# EXERCISE DATA
——

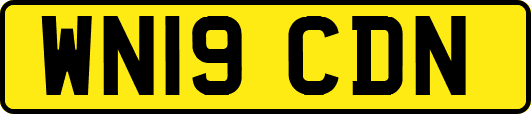 WN19CDN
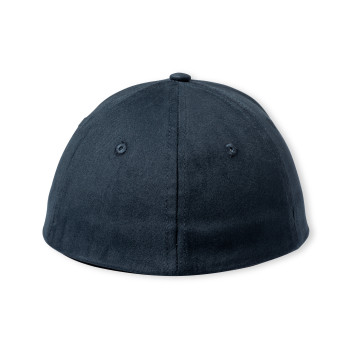 Cappellino baseball personalizzato con logo - Klarke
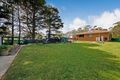 Property photo of 39 Harley Street Yanderra NSW 2574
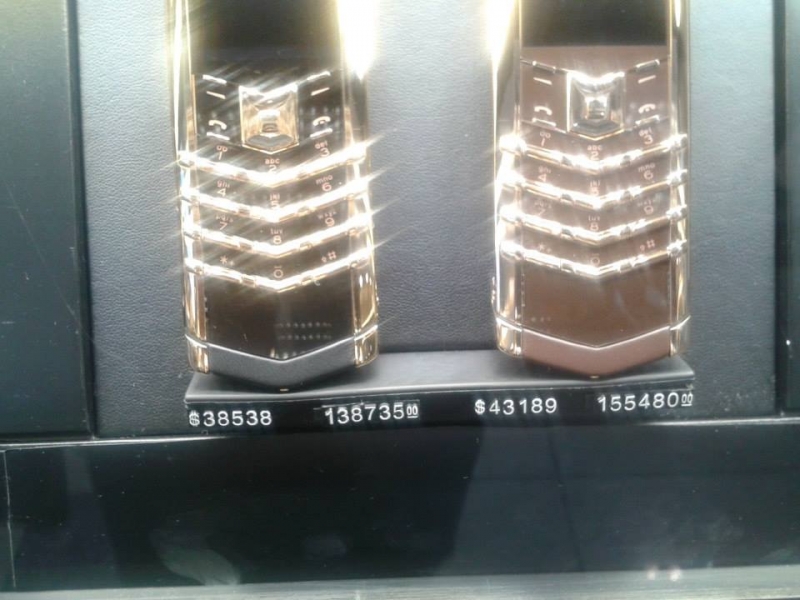 telefon.jpg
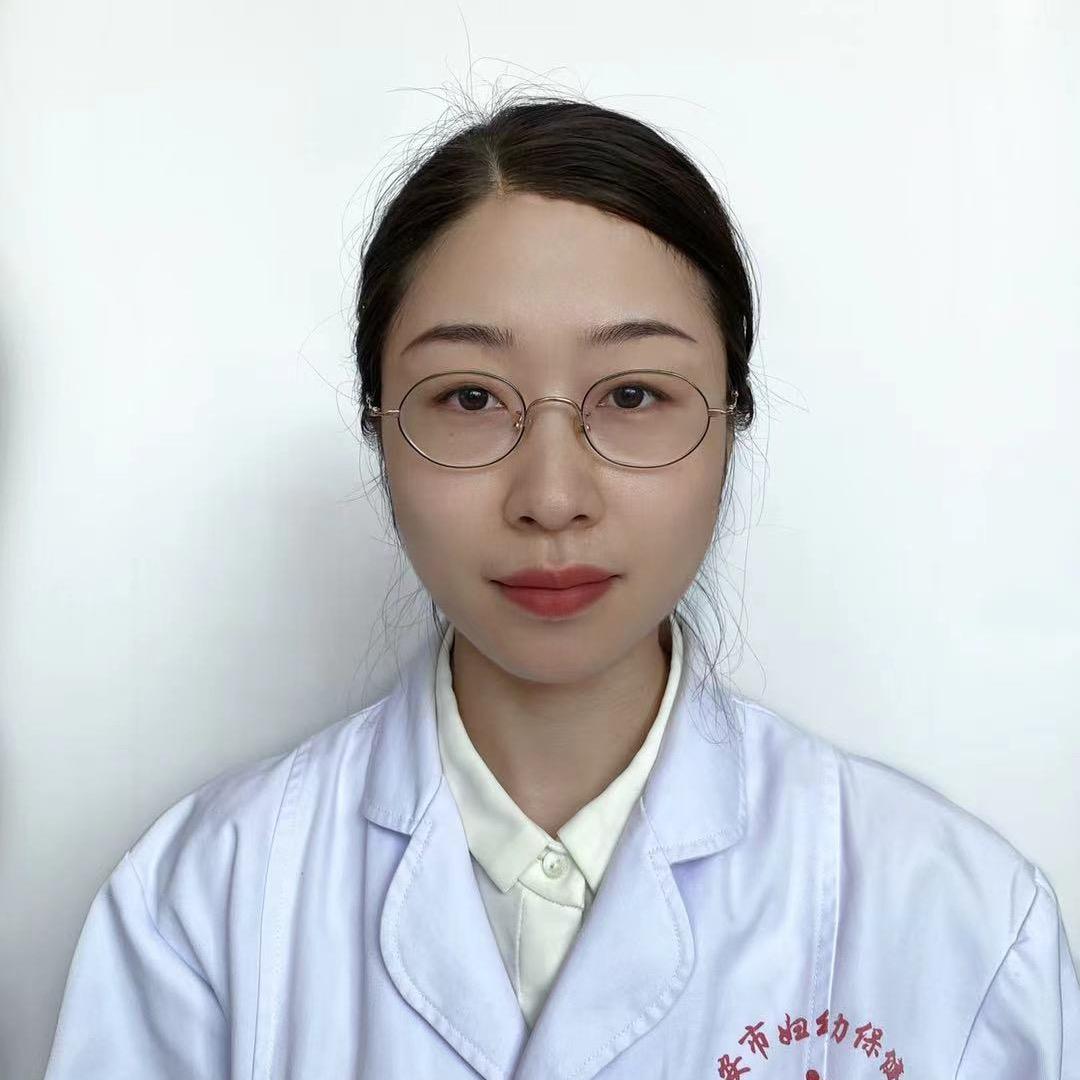 美容整形科王句斐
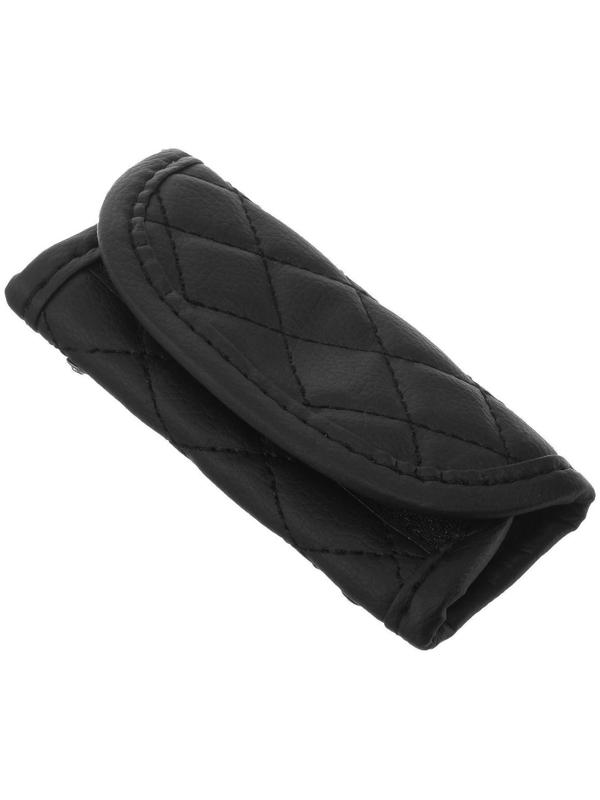 Чехол на ручник 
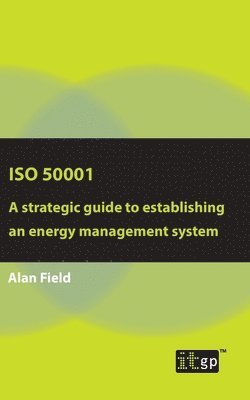 ISO 50001 1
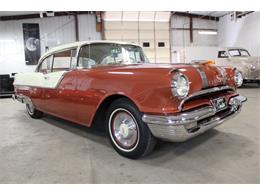 1955 Pontiac Chieftain (CC-2091398) for sale in Kentwood, Michigan
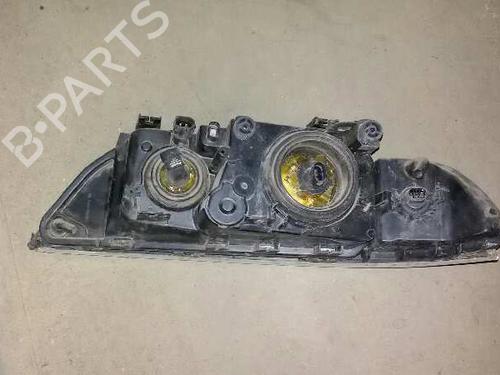Right headlight BMW 5 (E39) 523 i | BP7941897C29 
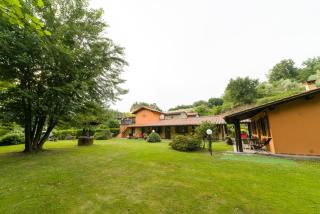 Agriturismo Le Balze - - 0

——

# EXERCISE GOAL
Write out every entry exactly. Pictures do not belong in the copy.

# COMPLETED EXERCISE
 WN19CDN
 Cappellino baseball personalizzato con logo - Klarke
 Property photo of 39 Harley Street Yanderra NSW 2574
 telefon.jpg
 美容整形科王句斐
 Чехол на ручник 
 ISO 50001 1
 1955 Pontiac Chieftain (CC-2091398) for sale in Kentwood, Michigan
Right headlight BMW 5 (E39) 523 i | BP7941897C29 
 Agriturismo Le Balze - - 0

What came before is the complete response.